Hal’s thoughts were somewhat disjointed but I also got much of these same tales from my other two uncles Lloyd, who I wrote about on a blog I did when I worked for him in Wyoming and David, whenever he came to visit when we were living in Tri-Cities back in the eighties and nineties before he retired. So what he related were slightly reedited for his benefit though I’m certain they actually happened.
“I sat on the couch as Hal watched the western shows on True Grit. “Billy got whooped on good one day,” Hal exclaimed with an amused voice. “One day we was supposed to go to school. You see every other day we went because we was so big, that we, my brothers, Dorothy and I had to go every other day to fit into that one room school house. Mary Jane, your ma weren’t allowed in the school on account of her harelip and they didn’t think she could learn nothing. So, Mom taught her in home. Anyway, he was supposed to have stayed home and done chores, but he was interested in some book the teacher read to us and was afraid he would miss out on the most important part of the story.
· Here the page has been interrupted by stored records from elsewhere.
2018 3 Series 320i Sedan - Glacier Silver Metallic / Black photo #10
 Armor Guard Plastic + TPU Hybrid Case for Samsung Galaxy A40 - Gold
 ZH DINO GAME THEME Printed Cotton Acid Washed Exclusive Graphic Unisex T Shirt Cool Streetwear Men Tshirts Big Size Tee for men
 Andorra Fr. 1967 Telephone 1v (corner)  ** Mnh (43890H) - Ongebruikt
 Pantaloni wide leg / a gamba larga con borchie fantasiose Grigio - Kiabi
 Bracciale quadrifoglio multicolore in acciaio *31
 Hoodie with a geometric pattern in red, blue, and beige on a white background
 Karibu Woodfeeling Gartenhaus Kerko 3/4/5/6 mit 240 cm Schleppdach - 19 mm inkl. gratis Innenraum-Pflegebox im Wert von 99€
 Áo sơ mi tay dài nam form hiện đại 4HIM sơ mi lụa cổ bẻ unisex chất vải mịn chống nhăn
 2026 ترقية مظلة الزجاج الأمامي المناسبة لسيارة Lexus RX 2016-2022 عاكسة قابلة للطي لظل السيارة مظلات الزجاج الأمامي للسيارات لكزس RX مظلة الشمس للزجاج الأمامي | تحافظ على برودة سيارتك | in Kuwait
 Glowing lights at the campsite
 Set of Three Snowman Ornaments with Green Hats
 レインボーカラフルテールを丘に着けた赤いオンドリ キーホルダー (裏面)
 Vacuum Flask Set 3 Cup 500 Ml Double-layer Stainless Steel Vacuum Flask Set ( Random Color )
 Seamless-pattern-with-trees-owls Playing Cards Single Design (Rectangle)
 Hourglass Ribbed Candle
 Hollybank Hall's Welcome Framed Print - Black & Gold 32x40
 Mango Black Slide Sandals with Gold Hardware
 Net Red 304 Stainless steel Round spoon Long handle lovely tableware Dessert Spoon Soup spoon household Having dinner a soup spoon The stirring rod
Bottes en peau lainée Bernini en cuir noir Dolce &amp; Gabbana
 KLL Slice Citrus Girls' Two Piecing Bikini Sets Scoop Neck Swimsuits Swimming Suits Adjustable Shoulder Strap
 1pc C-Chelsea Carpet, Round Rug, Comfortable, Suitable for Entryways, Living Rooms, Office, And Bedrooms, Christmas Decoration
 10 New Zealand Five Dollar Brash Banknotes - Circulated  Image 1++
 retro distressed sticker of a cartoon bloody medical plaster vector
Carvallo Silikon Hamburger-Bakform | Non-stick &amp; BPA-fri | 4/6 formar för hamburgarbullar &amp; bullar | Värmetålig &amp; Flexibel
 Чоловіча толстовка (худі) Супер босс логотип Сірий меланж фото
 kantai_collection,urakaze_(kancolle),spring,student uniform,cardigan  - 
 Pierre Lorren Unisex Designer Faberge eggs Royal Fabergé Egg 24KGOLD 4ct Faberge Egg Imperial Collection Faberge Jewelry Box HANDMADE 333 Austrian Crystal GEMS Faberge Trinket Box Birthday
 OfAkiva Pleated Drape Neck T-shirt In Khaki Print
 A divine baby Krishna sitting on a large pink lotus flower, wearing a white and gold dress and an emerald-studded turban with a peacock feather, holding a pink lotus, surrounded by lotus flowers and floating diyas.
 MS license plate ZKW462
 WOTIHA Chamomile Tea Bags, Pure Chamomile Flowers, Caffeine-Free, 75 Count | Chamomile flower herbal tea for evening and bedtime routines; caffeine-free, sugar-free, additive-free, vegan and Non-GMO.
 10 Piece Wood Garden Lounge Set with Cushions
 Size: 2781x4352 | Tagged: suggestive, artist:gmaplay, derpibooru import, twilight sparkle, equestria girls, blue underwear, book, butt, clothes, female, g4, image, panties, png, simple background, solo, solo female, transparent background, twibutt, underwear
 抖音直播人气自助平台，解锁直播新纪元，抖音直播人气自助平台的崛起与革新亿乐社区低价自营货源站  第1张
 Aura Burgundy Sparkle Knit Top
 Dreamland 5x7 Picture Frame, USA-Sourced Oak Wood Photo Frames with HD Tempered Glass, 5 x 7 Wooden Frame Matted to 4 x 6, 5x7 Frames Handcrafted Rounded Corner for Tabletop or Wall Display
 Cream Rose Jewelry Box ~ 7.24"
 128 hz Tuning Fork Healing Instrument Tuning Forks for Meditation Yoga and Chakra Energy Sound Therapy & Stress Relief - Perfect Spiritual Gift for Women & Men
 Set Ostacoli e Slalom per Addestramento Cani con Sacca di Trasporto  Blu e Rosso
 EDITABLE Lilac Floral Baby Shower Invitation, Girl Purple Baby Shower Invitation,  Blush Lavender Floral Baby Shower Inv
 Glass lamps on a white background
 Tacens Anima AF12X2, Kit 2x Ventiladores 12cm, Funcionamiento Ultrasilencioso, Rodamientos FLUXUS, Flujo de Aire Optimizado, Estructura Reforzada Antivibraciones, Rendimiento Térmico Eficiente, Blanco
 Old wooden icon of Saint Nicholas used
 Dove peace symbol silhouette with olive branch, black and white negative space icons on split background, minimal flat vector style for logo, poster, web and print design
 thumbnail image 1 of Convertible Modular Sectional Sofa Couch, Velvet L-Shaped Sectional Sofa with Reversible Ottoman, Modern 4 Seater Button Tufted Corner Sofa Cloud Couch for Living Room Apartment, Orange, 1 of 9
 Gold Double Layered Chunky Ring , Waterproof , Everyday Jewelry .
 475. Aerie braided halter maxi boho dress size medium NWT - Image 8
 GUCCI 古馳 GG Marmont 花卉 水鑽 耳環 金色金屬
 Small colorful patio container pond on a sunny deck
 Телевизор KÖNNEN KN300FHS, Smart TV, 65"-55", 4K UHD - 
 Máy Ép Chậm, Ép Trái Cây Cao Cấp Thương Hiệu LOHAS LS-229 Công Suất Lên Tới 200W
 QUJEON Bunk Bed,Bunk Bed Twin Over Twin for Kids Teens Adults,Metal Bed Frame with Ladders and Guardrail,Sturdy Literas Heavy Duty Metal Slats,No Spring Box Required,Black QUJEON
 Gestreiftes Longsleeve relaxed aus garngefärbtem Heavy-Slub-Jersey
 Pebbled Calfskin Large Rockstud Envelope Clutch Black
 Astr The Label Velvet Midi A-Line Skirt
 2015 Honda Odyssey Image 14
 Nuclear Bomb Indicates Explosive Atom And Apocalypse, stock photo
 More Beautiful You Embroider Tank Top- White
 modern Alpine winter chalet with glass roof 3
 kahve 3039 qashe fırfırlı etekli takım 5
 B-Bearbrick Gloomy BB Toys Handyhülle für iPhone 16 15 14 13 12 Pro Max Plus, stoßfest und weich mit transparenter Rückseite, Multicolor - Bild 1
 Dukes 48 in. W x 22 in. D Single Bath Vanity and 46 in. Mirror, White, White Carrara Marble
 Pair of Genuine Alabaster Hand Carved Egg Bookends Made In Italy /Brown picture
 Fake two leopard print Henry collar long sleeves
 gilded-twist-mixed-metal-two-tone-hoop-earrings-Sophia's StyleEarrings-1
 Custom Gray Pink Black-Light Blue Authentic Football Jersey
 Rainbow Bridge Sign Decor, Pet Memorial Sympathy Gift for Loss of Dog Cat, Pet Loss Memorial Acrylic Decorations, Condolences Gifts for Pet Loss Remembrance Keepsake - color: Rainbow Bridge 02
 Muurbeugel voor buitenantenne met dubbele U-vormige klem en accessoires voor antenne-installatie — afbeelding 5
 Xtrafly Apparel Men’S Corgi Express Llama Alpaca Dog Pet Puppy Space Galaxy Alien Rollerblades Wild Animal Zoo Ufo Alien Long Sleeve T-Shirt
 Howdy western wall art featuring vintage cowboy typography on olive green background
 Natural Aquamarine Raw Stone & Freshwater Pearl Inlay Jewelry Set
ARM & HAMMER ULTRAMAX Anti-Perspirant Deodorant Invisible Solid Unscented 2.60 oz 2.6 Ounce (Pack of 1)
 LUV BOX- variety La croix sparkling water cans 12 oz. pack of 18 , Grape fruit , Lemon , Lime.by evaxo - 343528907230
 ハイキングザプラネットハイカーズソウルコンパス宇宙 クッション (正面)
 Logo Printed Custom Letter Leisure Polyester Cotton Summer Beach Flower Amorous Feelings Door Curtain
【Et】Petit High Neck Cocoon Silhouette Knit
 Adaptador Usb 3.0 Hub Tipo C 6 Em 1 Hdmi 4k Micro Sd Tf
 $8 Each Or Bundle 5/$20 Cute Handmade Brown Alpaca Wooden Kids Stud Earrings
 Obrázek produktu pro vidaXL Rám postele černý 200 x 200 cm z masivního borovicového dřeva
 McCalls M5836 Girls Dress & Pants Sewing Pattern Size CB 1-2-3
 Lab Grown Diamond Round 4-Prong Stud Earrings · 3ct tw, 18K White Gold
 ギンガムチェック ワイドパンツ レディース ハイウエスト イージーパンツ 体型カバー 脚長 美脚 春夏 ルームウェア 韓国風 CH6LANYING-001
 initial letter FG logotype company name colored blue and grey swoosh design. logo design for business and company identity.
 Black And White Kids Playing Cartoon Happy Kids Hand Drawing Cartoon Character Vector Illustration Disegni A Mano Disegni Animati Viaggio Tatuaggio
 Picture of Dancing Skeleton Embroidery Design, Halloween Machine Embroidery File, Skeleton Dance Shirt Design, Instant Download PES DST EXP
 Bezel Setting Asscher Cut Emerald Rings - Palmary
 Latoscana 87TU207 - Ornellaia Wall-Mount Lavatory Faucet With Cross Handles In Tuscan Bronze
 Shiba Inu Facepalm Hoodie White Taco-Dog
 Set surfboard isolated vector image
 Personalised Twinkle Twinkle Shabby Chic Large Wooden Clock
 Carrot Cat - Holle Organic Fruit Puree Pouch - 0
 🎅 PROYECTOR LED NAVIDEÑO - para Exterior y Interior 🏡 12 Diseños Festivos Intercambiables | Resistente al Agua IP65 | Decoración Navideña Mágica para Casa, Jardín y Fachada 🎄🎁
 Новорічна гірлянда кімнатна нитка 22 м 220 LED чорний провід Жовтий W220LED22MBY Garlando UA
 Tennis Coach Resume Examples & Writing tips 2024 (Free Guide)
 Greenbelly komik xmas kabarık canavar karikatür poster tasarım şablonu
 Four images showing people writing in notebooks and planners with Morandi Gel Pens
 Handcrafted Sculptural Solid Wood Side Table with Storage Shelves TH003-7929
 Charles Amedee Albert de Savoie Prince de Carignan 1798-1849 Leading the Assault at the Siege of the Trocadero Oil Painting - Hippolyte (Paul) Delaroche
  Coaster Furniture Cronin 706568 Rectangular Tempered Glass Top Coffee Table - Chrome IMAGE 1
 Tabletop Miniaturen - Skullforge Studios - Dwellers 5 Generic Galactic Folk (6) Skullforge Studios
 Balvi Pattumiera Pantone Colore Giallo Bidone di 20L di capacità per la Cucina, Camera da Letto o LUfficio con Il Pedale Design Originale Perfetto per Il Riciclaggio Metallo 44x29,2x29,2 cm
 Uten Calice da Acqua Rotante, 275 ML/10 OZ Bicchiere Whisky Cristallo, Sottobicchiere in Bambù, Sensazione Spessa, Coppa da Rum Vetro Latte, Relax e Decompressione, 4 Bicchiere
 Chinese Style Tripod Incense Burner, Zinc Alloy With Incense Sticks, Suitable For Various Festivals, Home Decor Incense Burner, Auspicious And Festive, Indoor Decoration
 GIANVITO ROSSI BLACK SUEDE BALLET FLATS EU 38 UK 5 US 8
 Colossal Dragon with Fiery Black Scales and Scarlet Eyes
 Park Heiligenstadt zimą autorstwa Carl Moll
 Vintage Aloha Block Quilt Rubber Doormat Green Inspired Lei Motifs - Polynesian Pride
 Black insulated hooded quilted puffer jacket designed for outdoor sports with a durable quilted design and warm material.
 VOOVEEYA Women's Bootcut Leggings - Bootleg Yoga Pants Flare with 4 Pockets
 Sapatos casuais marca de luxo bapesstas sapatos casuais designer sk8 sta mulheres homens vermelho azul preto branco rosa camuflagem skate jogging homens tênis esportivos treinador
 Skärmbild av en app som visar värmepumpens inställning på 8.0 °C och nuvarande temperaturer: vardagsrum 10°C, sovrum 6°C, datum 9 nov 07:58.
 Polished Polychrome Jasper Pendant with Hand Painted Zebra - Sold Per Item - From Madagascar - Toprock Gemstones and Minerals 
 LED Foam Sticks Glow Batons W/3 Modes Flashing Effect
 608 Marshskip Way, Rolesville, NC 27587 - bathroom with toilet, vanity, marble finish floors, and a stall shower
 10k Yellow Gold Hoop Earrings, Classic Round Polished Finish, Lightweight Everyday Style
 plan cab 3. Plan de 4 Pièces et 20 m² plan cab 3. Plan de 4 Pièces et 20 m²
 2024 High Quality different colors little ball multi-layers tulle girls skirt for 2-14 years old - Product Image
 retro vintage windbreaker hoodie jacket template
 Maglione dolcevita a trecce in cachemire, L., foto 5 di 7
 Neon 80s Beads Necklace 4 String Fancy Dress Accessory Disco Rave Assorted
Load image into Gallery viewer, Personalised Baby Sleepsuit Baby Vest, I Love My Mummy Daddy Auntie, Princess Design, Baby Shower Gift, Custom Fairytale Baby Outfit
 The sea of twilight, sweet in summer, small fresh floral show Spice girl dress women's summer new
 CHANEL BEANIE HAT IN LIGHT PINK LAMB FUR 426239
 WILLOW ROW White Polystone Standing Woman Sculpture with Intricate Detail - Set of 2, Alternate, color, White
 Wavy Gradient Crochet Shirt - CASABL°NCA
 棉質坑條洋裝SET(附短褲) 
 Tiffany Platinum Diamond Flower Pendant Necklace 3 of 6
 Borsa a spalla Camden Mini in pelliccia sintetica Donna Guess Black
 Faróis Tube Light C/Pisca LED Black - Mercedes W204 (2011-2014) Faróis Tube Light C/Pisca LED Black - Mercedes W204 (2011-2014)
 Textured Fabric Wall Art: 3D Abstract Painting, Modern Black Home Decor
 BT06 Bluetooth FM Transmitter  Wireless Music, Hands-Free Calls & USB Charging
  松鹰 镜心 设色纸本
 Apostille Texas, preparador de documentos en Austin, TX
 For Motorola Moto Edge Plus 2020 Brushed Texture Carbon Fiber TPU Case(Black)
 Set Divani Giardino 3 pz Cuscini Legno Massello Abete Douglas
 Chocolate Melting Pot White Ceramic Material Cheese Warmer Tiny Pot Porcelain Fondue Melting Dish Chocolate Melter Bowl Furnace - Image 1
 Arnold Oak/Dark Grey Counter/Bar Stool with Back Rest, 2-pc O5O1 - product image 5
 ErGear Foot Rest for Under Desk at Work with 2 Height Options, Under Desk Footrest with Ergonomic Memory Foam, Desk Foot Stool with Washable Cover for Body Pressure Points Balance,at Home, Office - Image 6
“Well, Pa, he wasn’t buying none of that nonsense, especially considering his fishing pole wasn’t where it normally was. So, he rightly assumed Billy had gone fishing rather than done his chores and he used the school as an excuse.”
He laughed hard at that one. “Then there’s one where your ma got herself into trouble and we were supposed to go and fetch Pa a birch or willow limb and bring it. Well, naturally, we boys couldn’t or the life of us find that what he requested. Mary Jane, she comes up and announces, ‘Here, Pa I found one!’ Just as pleased as punch. He took it from her and whipped her bottom with it, causing her to yelp out. Obviously she never volunteered to do that again.”
“During the war years Pa worked at some bomber factory in Dallas, or maybe in Wichita Falls. Anyway, we all lived in Arkansas with Bruce, Dorothy’s husband, and her new baby. I think it was either Linda or Bobby, but I can’t remember which right now. Us boys dreaded him coming home because Ma usually had a long list of complaints against us for all these perceived misdeeds we done while he was working in the factory. It seemed Billy and me got it the worse of all of us.”
“When Korea came, I got in and lied to the recruiter about my age. I was only seventeen when North Korea invaded South Korea. I wish I hadn’t, but that’s another story. Anyway, when it came time for my enlistment to come up, I couldn’t wait to get out. I went back home. I think they were living in Clovis, New Mexico at the time just before Ma finally dumped Pa once and for all.
“Nothing changed for the better. He still drank and Ma was struggling to keep Brenda and Oleta Fay fed. I think Mickey and Dan and maybe Lynn Dale was still living at home, but I could be wrong. I looked at myself, at them and how much it of a struggle it was to go back to what I was doing; farming and decided I wasn’t going to do that crap, and I reenlisted. The next day I was heading back to Fort Sil, Oklahoma.” Hal stayed in until 1974 when he retired.